**RECORDS TO PROCESS:**
-- -- --
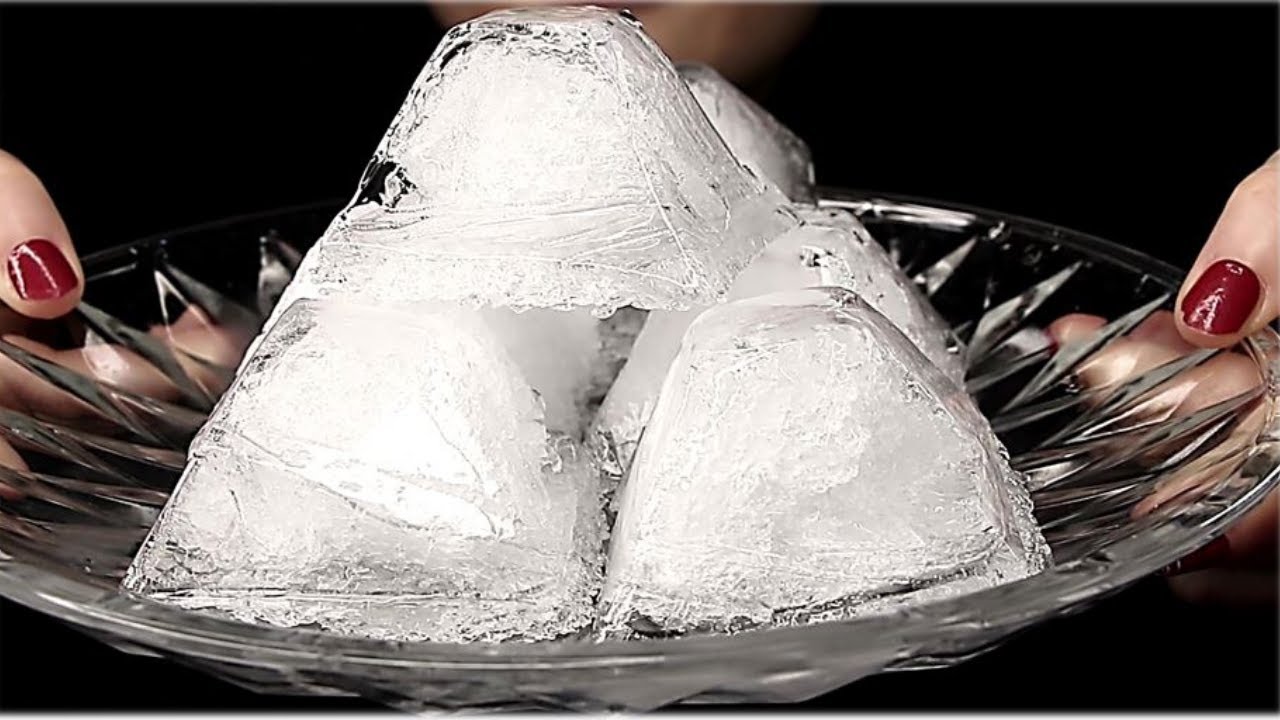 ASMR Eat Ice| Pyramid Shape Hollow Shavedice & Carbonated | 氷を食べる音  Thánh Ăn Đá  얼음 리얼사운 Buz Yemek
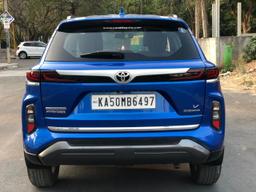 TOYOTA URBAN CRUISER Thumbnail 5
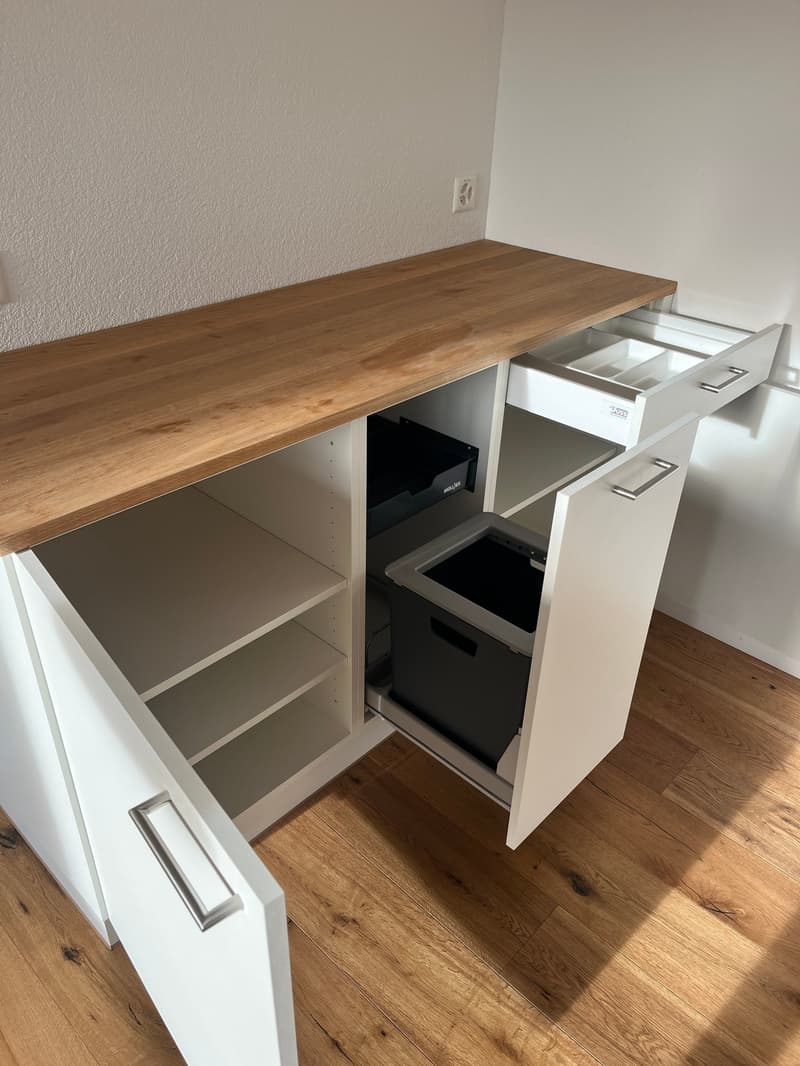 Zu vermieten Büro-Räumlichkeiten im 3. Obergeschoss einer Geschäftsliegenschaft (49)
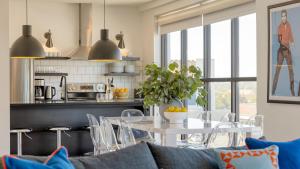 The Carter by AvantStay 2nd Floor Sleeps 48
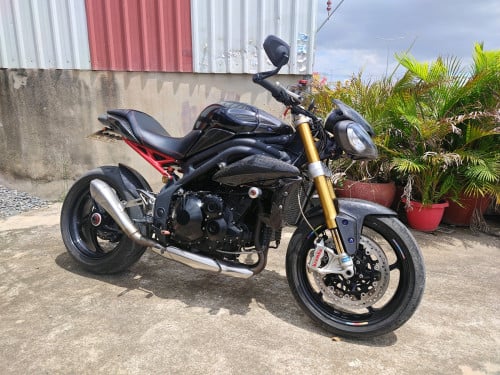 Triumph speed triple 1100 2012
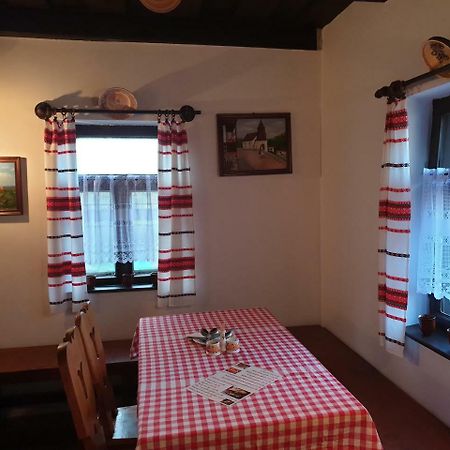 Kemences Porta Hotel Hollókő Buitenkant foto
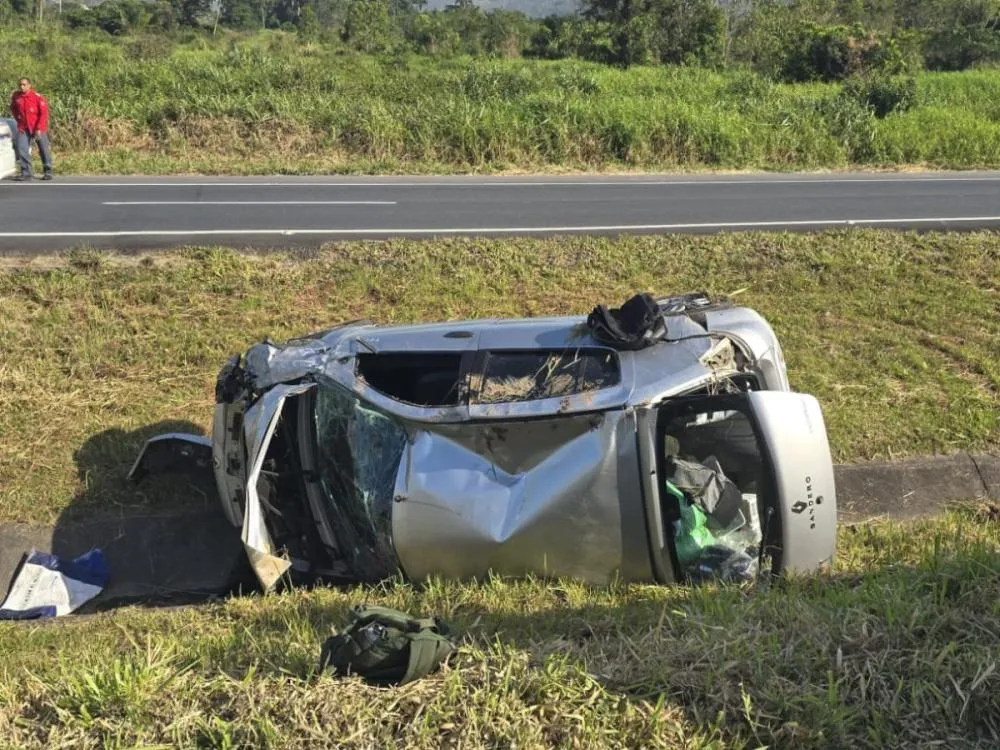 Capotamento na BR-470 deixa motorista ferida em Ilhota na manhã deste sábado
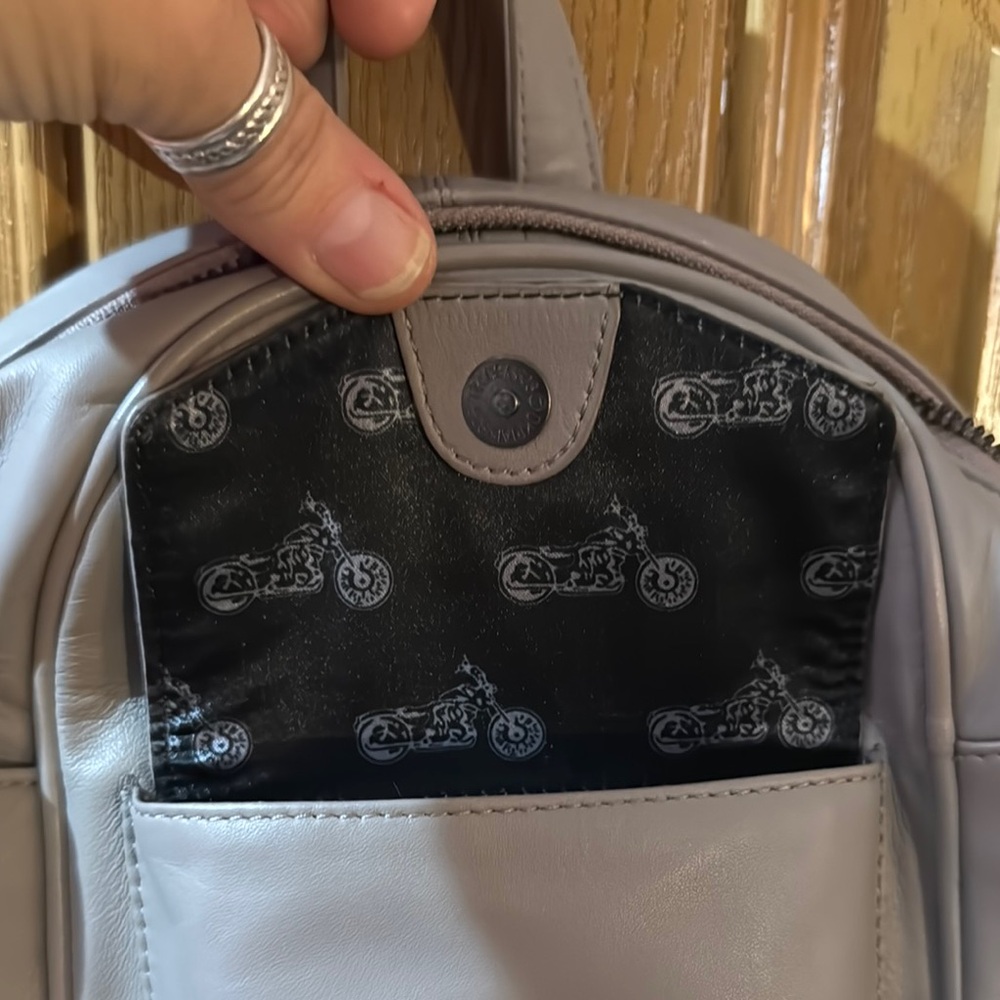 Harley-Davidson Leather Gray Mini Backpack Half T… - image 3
-- -- --
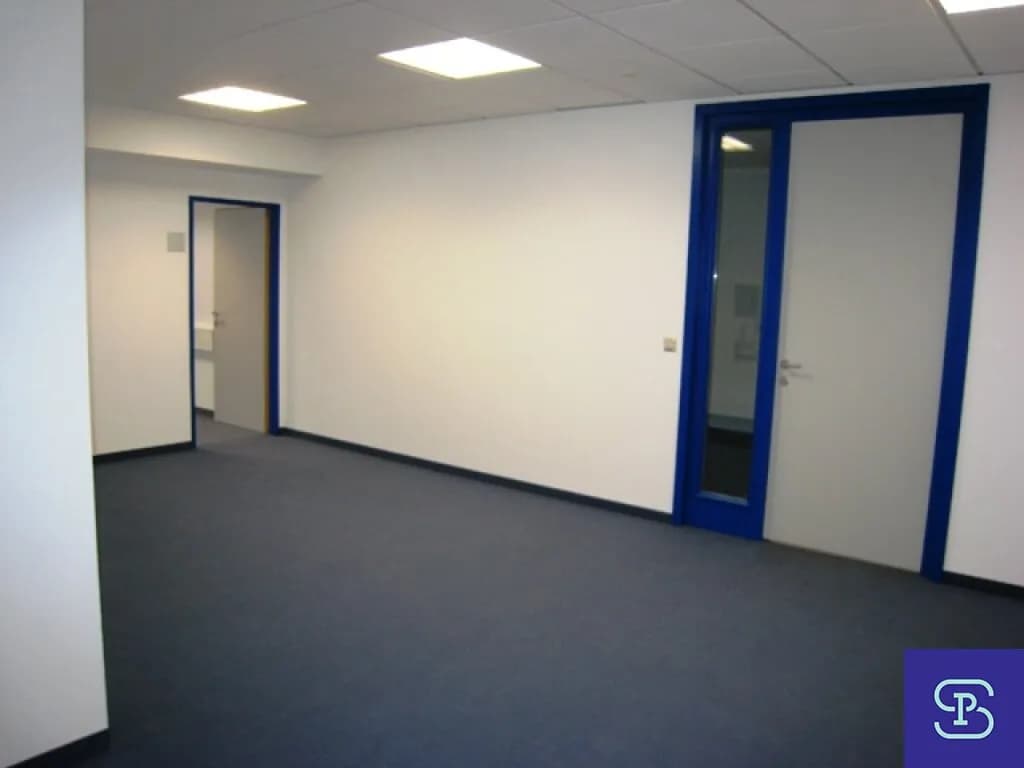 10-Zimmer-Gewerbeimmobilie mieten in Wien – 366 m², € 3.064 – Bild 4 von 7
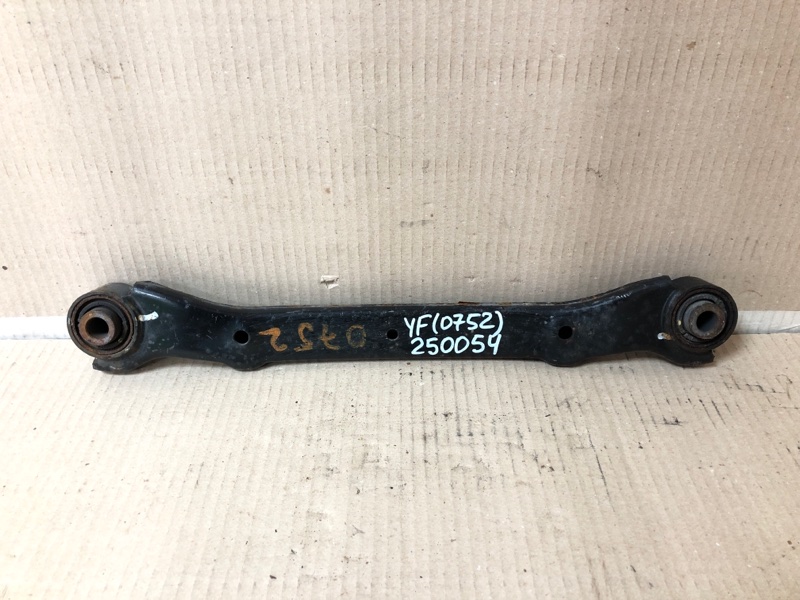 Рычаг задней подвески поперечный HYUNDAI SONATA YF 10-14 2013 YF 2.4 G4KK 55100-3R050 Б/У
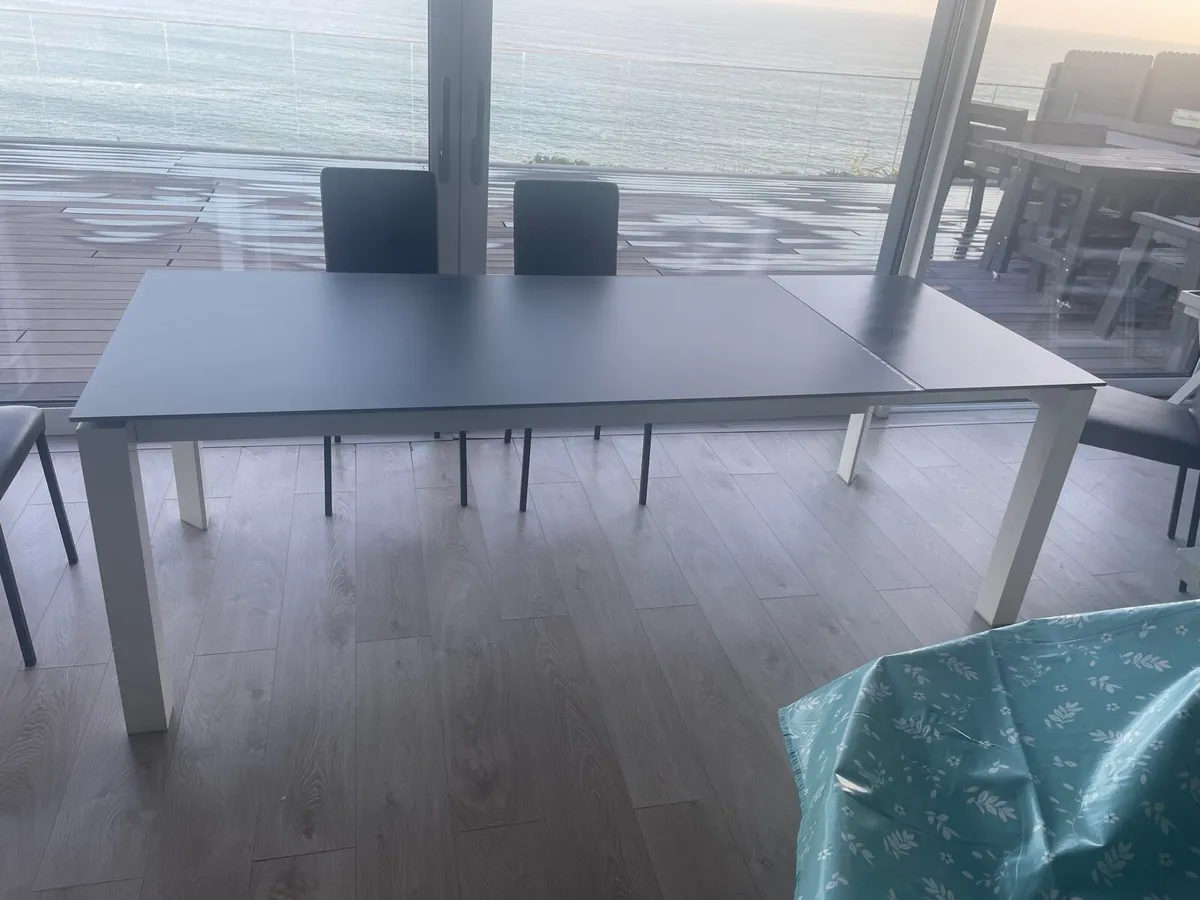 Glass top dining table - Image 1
-- -- --
**YOUR ASSIGNMENT:** How would the lines above read from the one with "Triumph speed triple 1100 2012" to the one with "Harley-Davidson Leather Gray", inclusive, with no pictures? Write them out exactly.

**TASK ANSWER:**
 Triumph speed triple 1100 2012
 Kemences Porta Hotel Hollókő Buitenkant foto
 Capotamento na BR-470 deixa motorista ferida em Ilhota na manhã deste sábado
 Harley-Davidson Leather Gray Mini Backpack Half T… - image 3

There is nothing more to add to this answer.